Mathematica says $\displaystyle\sum_{k=1}^{n} \dfrac{\binom{n-1}{k-1}}{n^k} = \dfrac{(n+1)^{n-1}}{n^n}$. I would like to know how to show this equality.
The left hand side is the solution to a probability problem: Select integers (with replacement) from {1,2,...,n} until the cumulative sum of your selected integers is at least n. What is the probability that your cumulative sum is exactly n? The right hand side is the ratio of labeled trees on n+1 nodes to functions from [n] into [n]. A combinatorial proof to the equations would be great. I would settle for an analytic proof.
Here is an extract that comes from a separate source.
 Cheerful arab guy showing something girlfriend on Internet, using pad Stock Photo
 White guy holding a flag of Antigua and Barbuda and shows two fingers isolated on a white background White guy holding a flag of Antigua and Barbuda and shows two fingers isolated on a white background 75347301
According to the Binomial Theorem we get as a series expansion for $(n+1)^{n-1}$ the following
$$(1+n)^{n-1}=\sum_{k=0}^{n-1}\binom{n-1}{k}n^{n-1-k}$$
By applying the index shift $k'=k+1$ - and therefore $k=k'-1$ - we further get
$$\sum_{k=0}^{n-1}\binom{n-1}{k}n^{n-1-k}=\sum_{k'=1}^{n}\binom{n-1}{k'-1}n^{n-k'}$$
One may note that within the term $n^{n-k'}$ the $n^n$ is independed of the index. By reshaping the whole equality we get
$$\begin{align} (1+n)^{n-1}&=\sum_{k'=1}^{n}\binom{n-1}{k'-1}n^{n-k'}\\ &=n^n\sum_{k'=1}^{n}\frac{\binom{n-1}{k'-1}}{n^{k'}}\\ \Leftrightarrow \frac{(1+n)^{n-1}}{n^n}&=\sum_{k'=1}^{n}\frac{\binom{n-1}{k'-1}}{n^{k'}} \end{align}$$
which is your desired result.